Isto é ainda mais relevante porque a mais emblemática promessa eleitoral de Humberto Brito era a remunicipalização do contrato de abastecimento de água.

Em Agosto de 2011, o executivo municipal encomendou um estudo à consultora Premivalor Consulting sobre as consequências económicas e jurídicas de um possível resgate da concessão. Nesse estudo, a que o VERDADEIRO OLHAR teve acesso, a consultora chega à conclusão que “o resgate da concessão terá um impacto negativo aproximado de 80 milhões de euros para a CMPF, decorrendo da soma da indemnização e da assunção da propriedade da organização”. Ou seja, por menos de 80 milhões de euros a Câmara Municipal de Paços de Ferreira teria resgatado a concessão.

 

AGS Paços de Ferreira vai receber 50 milhões de euros

O ponto n.º3 da Cláusula 3.ª do Memorando de Entendimento  prevê que o município pague à concessionária a quantia de 50 milhões de euros, sendo que 35 milhões de euros serão pagos assim que o negócio esteja concretizado e os restantes 15 milhões de euros serão pagos em prestações de 1 milhão de euros por ano durante 15 anos, com inicio em 2018, actualizados anualmente de acordo com Índice de Preços no Consumidor.

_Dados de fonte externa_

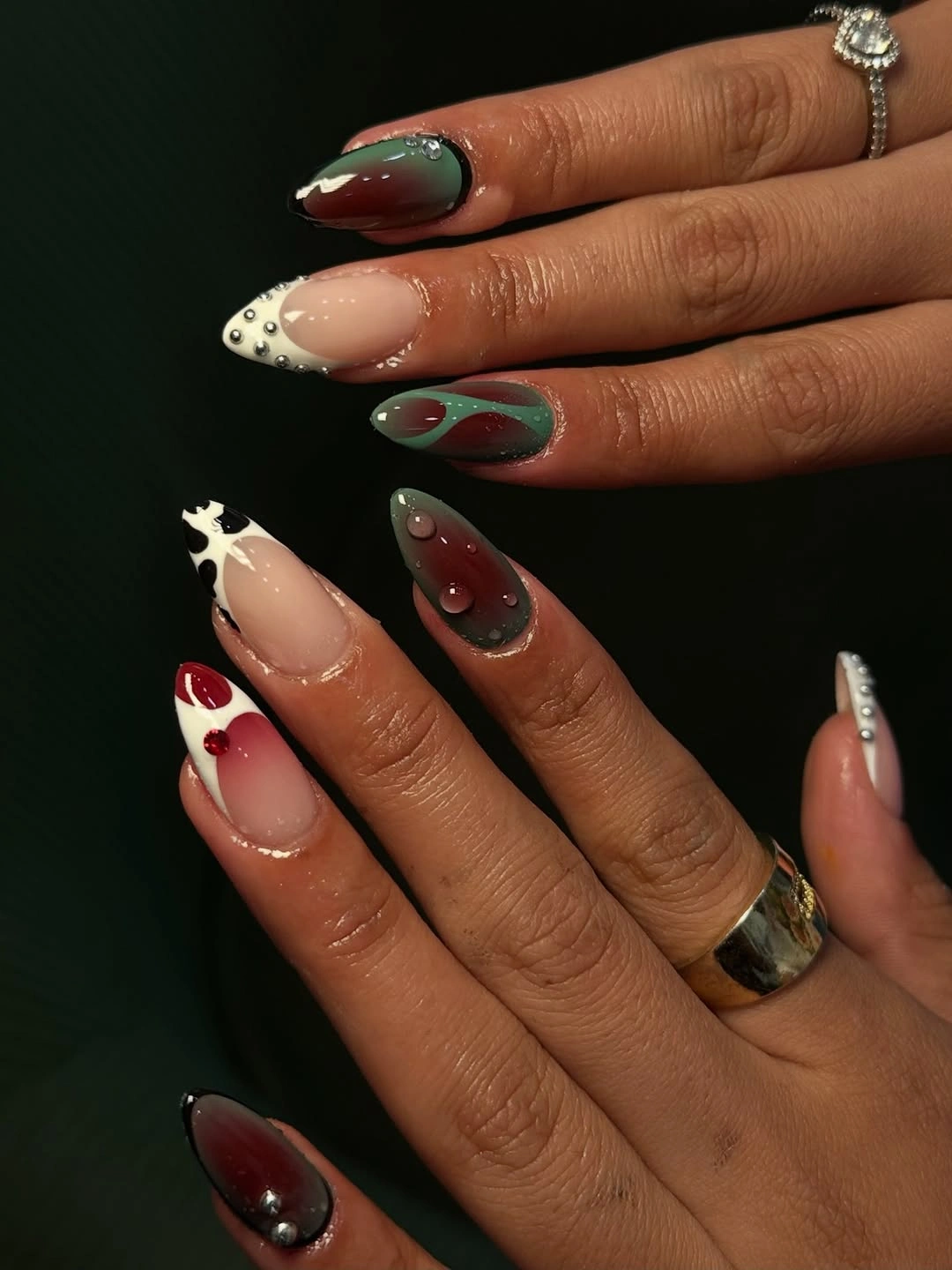 Fall nails for tan skin tone burgundy forest green nail art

De acordo com os dados recolhidos pelo VERDADEIRO OLHAR, a Águas de Paços de Ferreira tem actualmente um passivo de 32 milhões de euros, sendo que 23 milhões de euros são dívida aos bancos e 9 milhões de euros a fornecedores. Com este contrato, e apenas com o recebimento da primeira parte, a AGS de Paços de Ferreira consegue liquidar todas as suas dívidas e ainda fica com uma liquidez de 3 milhões de euros.

 

O preço da água não baixa no início do ano e poderá nunca baixar

O documento agora aprovado está assente em pressupostos que podem fazer com que o negócio nunca se realize. Depois de assinado, terá que ser feito um aditamento ao contrato de concessão que será enviado para a ERSAR, a entidade que regula este tipo de concessões. Falta saber se a ERSAR aceita a redução do preço da água para valores muito abaixo dos recomendados por esta entidade. O VERDADEIRO OLHAR consultou um jurista que põe a hipótese da ERSAR entender que estes 50 milhões de euros são um financiamento ao munícipe na tarifa da água e recusar o negócio. Legalmente, apenas as tarifas sociais podem ser financiadas.

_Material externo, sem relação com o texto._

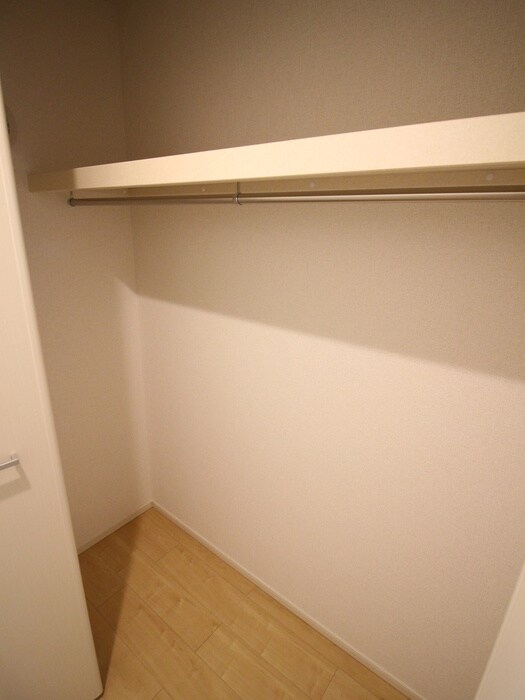物件内観写真11　(収納)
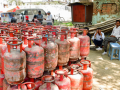 India has adequate fuel supplies as domestic LPG production up 30 pc: Govt - Hindi News | India has adequate fuel supplies as domestic LPG production up 30 pc: Govt | Latest business News at Lokmattimes.com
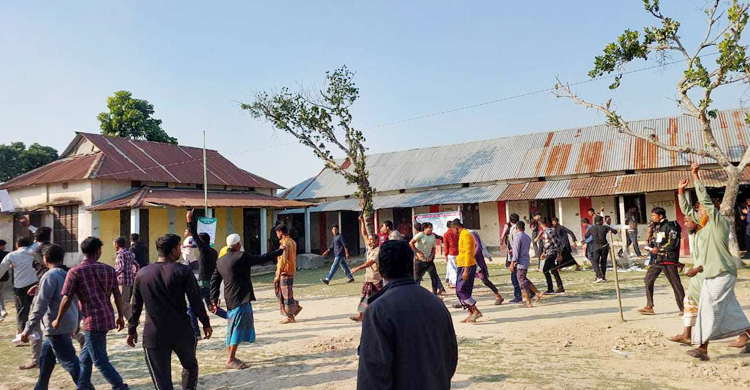 ময়মনসিংহে কেন্দ্র দখল করে সব ব্যালট বাক্স ছিনতাই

Depois da entidade reguladora, o documento terá que passar pelo Tribunal de Contas que, para além das questões financeiras e jurídicas, irá analisar o impacto futuro dos contratos.

Por fim, mas o mais importante, a Câmara Municipal irá recorrer ao Fundo de Apoio Municipal (FAM) para conseguir um empréstimo que lhe permita liquidar o passivo municipal e ainda pagar à AGS de Paços de Ferreira.

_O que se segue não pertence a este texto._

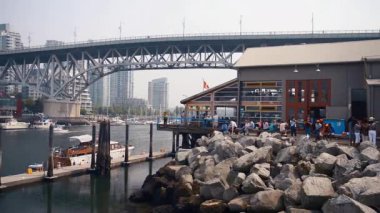 VANCOUVER, Kanada - 10 Ağustos 2017: Granville Adası limanı ve binaları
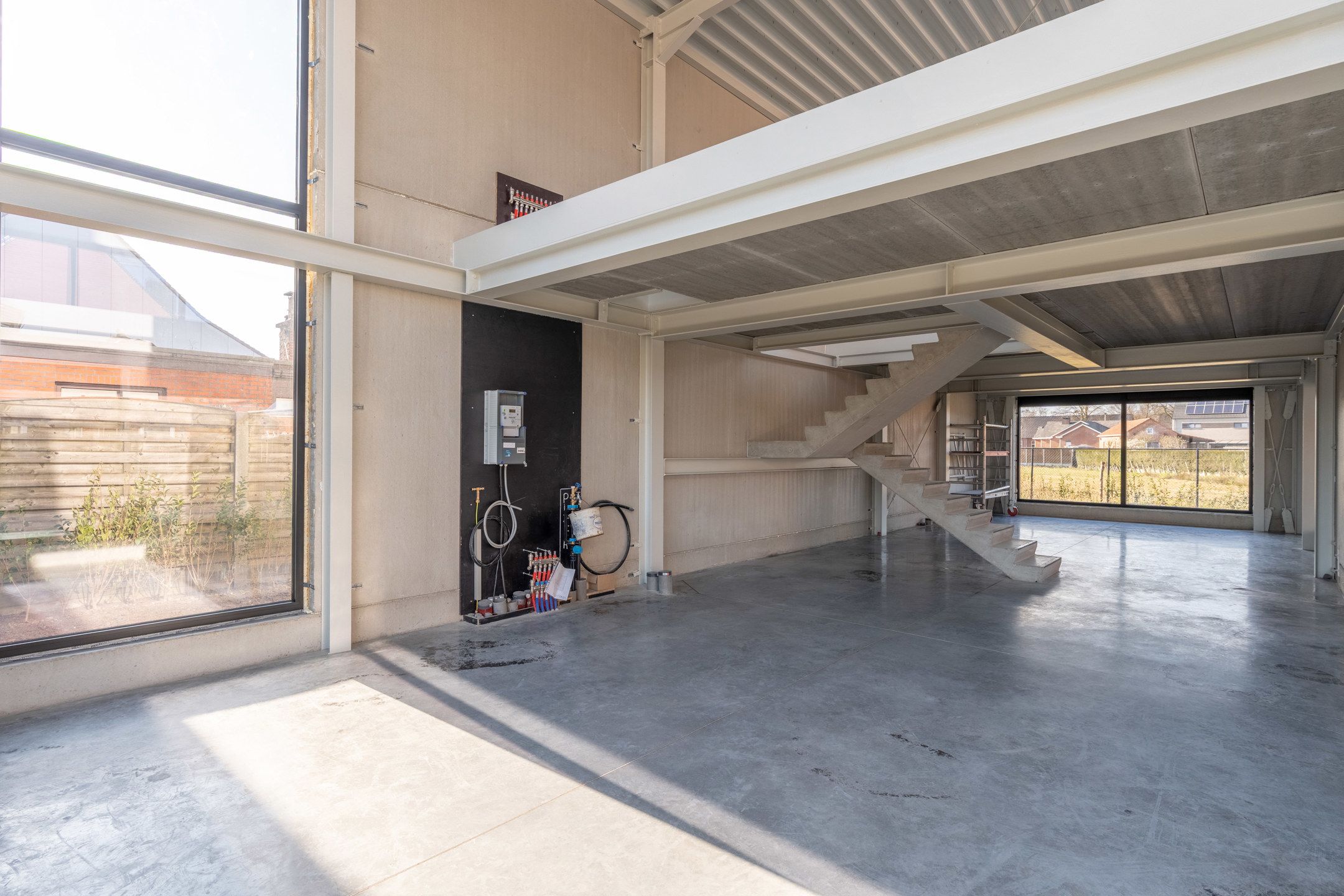 Nieuw handelspand van 245 m² met 5 pp op perceel van 605 m² foto 13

A redução do preço da água acontecerá apenas quando todas estas condições estiverem reunidas. Mas não só. O ponto 4 da 11.ª Cláusula prevê que tudo isto (o parecer da ERSAR, o visto do Tribunal de Contas e o empréstimo do FAM) ocorra no máximo até ao dia 30 de Junho de 2016. Se assim não for, o aditamento ao contrato de concessão fica sem efeito.

 

Baixa o preço da água, sobem todos os impostos e taxas municipais

Não há bela sem senão. Para pagar os 50 milhões de euros à AGS de Paços de Ferreira, a Câmara Municipal vai ter que recorrer ao empréstimo do FAM. Caso seja concedido o referido empréstimo, o FAM obriga a que todos os impostos e taxas municipais subam para os valores máximos permitidos por lei. O IMI passará imediatamente para a taxa máxima, o comparticipação no IRS não  poderá descer e todas as taxas municipais, seja de resíduos, licenciamentos, etc., terão que passar para os valores máximos definidos na Lei.